November 3, 2013

God Minimized

“A son honors his father, and a servant his master. If then I am the Father, where is My honor? And if I am a Master, where is My reverence?” says the Lord of hosts to you priests who despise My name. Yet you say, “In what way have we despised Your name?”

(Malachi 1:6)

 

Even if we do not practice idolatry, we may still fail to give God the reverence He is due. We may fail to take God seriously. And like those of Malachi’s day, we may not even admit to ourselves that we've not given God God’s rightful honor. Because of our lack of shame, our error is all the more egregious.

The modern view grants little majesty to God and evokes little awe from us. Even in prayer, we speak to God so casually that anyone listening might think we were shooting the breeze with a neighbor across the backyard fence.

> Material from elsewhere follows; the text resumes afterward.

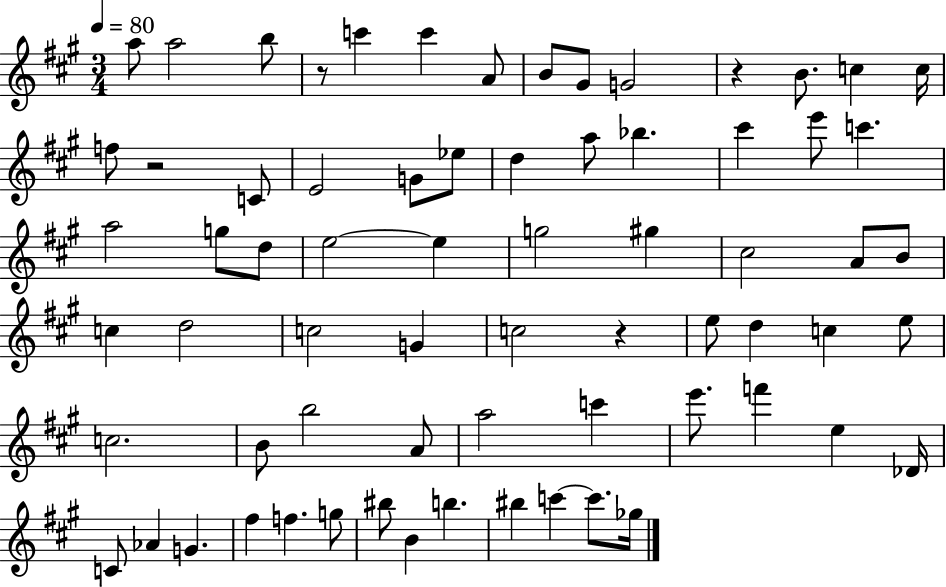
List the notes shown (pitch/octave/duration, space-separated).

A5/e A5/h B5/e R/e C6/q C6/q A4/e B4/e G#4/e G4/h R/q B4/e. C5/q C5/s F5/e R/h C4/e E4/h G4/e Eb5/e D5/q A5/e Bb5/q. C#6/q E6/e C6/q. A5/h G5/e D5/e E5/h E5/q G5/h G#5/q C#5/h A4/e B4/e C5/q D5/h C5/h G4/q C5/h R/q E5/e D5/q C5/q E5/e C5/h. B4/e B5/h A4/e A5/h C6/q E6/e. F6/q E5/q Db4/s C4/e Ab4/q G4/q. F#5/q F5/q. G5/e BIS5/e B4/q B5/q. BIS5/q C6/q C6/e. Gb5/s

A. W. Tozer was not wide of the mark when he prefaced his trenchant The Knowledge of the Holy with this comment: “The Church has surrendered her once lofty concept of God and has substituted for it one so low, so ignoble, as to be utterly unworthy of thinking, worshiping men. . . . The words ‘Be still, and know that I am God,’ mean next to nothing to the self-confident, bustling worshiper [of our day].”

I believe at least two forces play upon us and tempt us to take a casual approach to God. First, science has demystified so many previously awe‑inspiring phenomena that we’ve almost forgotten what it’s like to be amazed. We’re jaded. Awe is just not a feeling that we experience much anymore, even with respect to God. But second, our age is one in which informality is the accepted style. In almost every realm of thought and action, the trend is toward ease and comfort. Is it any wonder that we’ve become more relaxed in our attitude toward God?

The fading of reverence for God is one reason our spirituality is so shallow and so weak. How can we be filled with any depth of satisfaction when we minimize the very God who is capable of filling us up? Our malady was well diagnosed by J. B. Phillips’s famous five words: “Your God is too small.” Until we realize that the self‑indulgent “worship” that passes for reverence today is an insult to God, it’s not likely that we’ll seek God as we should.

 

If we haven’t learned to be worshipers, it doesn’t really matter how well we do anything else.